In traditional open-pit coal mining cost analysis, methods such as differential analysis, factor analysis, principal component analysis, and gray correlation analysis are commonly used [26,27,28,29] to summarize patterns in various cost factor data to identify the main cost control factors. However, these methods each have limitations, including the influence of subjective factors, reliance on experiential judgment, inability to adapt to dynamic changes, and lack of theoretical support. With the advancement of intelligent algorithms, Hu Yonghui et al. [30] used BP neural networks to accurately optimize the blasting parameters among the mining cost influencing factors. Peng Yifan [31] proposed a multi-objective differential evolution algorithm to optimize transportation costs by identifying factors such as truck scheduling and bucket-to-shovel ratio. Zhang Naifan [32] used grounded theory combined with the DEMETAL-ISM model to construct a production cost factor system for open-pit metal mining. These methods break through the static limitations of traditional analysis and utilize machine learning to achieve dynamic analysis of multi-factor coupling relationships. However, current research on open-pit coal mining cost factor identification has yet to establish a knowledge graph integrating spatiotemporal attributes, and is unable to achieve visual inference of optimized transmission paths or dynamic binding of lifecycle costs with real-time working conditions.

This study constructs a cost knowledge graph for open-pit coal mining, integrating entity relations—such as geological conditions and process parameters—with quantitative attributes, including sensitivity coefficients and impact thresholds. In doing so, it establishes an extensible cost—decision inference mechanism that maintains the effectiveness of optimization strategies as production conditions evolve. For example, the framework can infer how increased blast lumpiness leads to lower truck bucket rates and higher diesel consumption, enabling targeted adjustment of upstream parameters. The innovations are as follows:

A high-precision entity recognition method based on BERT-BiLSTM-CRF for named entity recognition in the cost domain of open-pit coal mining was proposed.
A knowledge graph-driven cost factor identification framework was established, which analyzes multi-level cascading influences through entity relationship path mining.
The foundation of cascading relationship inference for cost factors is clarified through an attention weight network, and the relationship weight matrix is used to enhance the interpretability of cost fluctuation attribution.

2. Methodology

2.1. Research Process

Standard specifications and research literature were used as data sources for knowledge extraction. Entity recognition was performed for different data types by leveraging the characteristics of each operation stage in the production process. Structured and semi-structured data—such as blasting design—were handled with rule-based methods and traditional machine learning techniques. For unstructured text in in-process specifications, a BERT-based pre-trained model was introduced and trained to extract entities from the corpus. On this basis, knowledge in the graph was inferred using the TransH algorithm, and factors were ranked and filtered by their weights to identify key cost-influencing factors. Finally, a question-and-answer system was implemented to present knowledge efficiently through query and retrieval. The research workflow is shown in Figure 1.
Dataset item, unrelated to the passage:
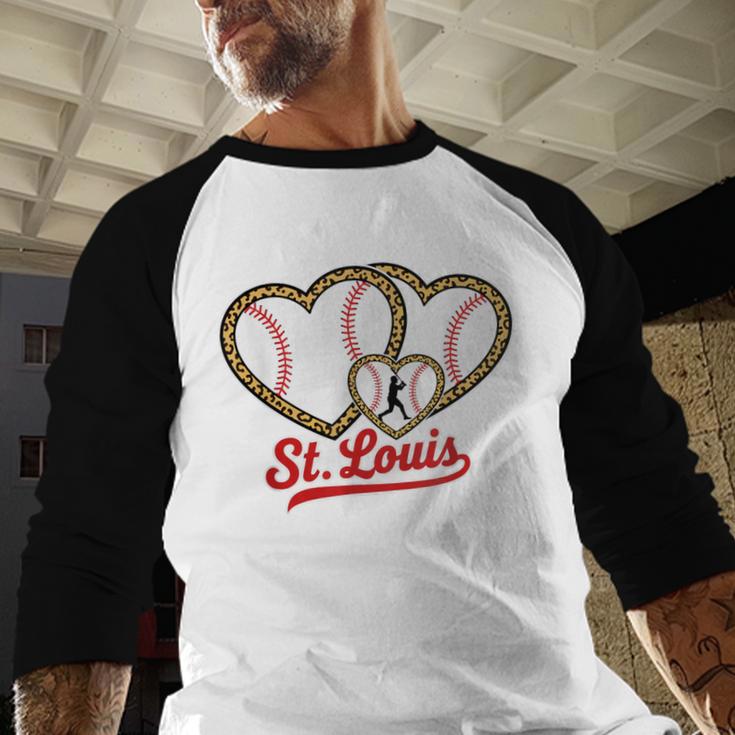 St Louis Leopard Heart Baseball Batter Boys Fan Baseball Raglan Shirt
2.2. BERT-BiLSTM-CRF Model

The structure of the BERT-BiLSTM-CRF model constructed in this paper is shown in Figure 2. The model consists of three main components: the BERT layer, the BiLSTM layer, and the CRF decoding layer. The BERT layer is used to vectorize the characters in the sentence, the BiLSTM layer is used to capture the contextual semantic features of the vectors, and the CRF decoding layer is used to output the globally optimal label sequence.

2.2.1. BERT Model

As an unsupervised pre-trained language model based on Transformer, the BERT model is centered around the self-attention mechanism, which achieves context-aware semantic representation. As shown in Figure 3, the model input consists of three components: token embedding (character semantics), position embedding (sequence order), and segment embedding (sentence boundaries). As shown in Equation (1), the self-attention calculation dynamically captures inter-word relationships.

A t t e n t i o n (Q, K, V) = s o f t m a x (\frac{Q K^{T}}{\sqrt{d_{k}}}) V

(1)

where

Q

,

K

, and

V

are the word vector matrices,

d_{k}

is the embedding dimension, and the scaling

\sqrt{d_{k}}

avoids excessively large dot product values in high-dimensional space that could lead to gradient vanishing. The Softmax function normalizes the weight coefficient matrix to highlight the key features.
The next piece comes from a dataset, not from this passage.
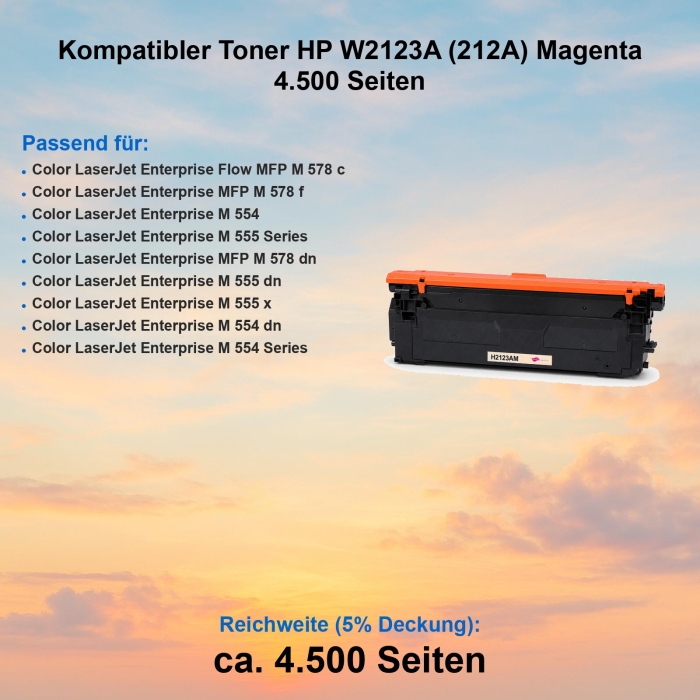 Kompatibler Toner HP W2123A (212A) Magenta 4.500 Seiten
In the open-pit coal mining cost knowledge entity recognition scenario, the phenomenon of entity concentration is quite common due to the numerous cost factors. This issue requires dynamic semantic modeling to resolve the problem of polysemy. For example, in the following sentence: “Blasting vibration in blasting results must be controlled below 5 cm/s”, there are 20 characters containing two entities. First, the input sequence E₁₀{E₁, E₂, …, E_n}, where E_i (i ∈ n), is encoded by BERT. Each word vector E_i integrates its contextual features, and the [SEP] token separates multi-sentence inputs. The [CLS] token aggregates global features for downstream task fine-tuning. The input principle is shown in Figure 3.

Furthermore, Chinese word segmentation often suffers from ambiguity, particularly when processing compound technical terms common in mining domains. BERT mitigates this issue by performing character-level encoding combined with self-attention, allowing the model to dynamically capture contextual dependencies without relying on predefined token boundaries. For instance, given a four-character compound term referring to “blasting vibration,” BERT encodes each character individually. The attention weights between adjacent characters—especially those corresponding to “vibration”—are significantly higher than with unrelated characters, indicating that the model has effectively recognized the semantic integrity of the compound term. This approach helps prevent incorrect splitting of multi-character domain-specific entities, a common limitation of traditional segmentation tools in Chinese NLP.

2.2.2. BiLSTM Model

LSTM (Long-Short Term Memory), as an improved architecture of Recurrent Neural Networks (RNN), addresses the gradient problem through a gating mechanism. Its core consists of three types of gate functions: forget gate, input gate, and output gate. The combination of the input gate and the forget gate allows for the filtering and removing of unnecessary information, passing helpful information to the next time step. The output of the entire system is mainly the memory cell output multiplied by the output of the output gate. The calculation formulas are shown in Equations (2)–(7).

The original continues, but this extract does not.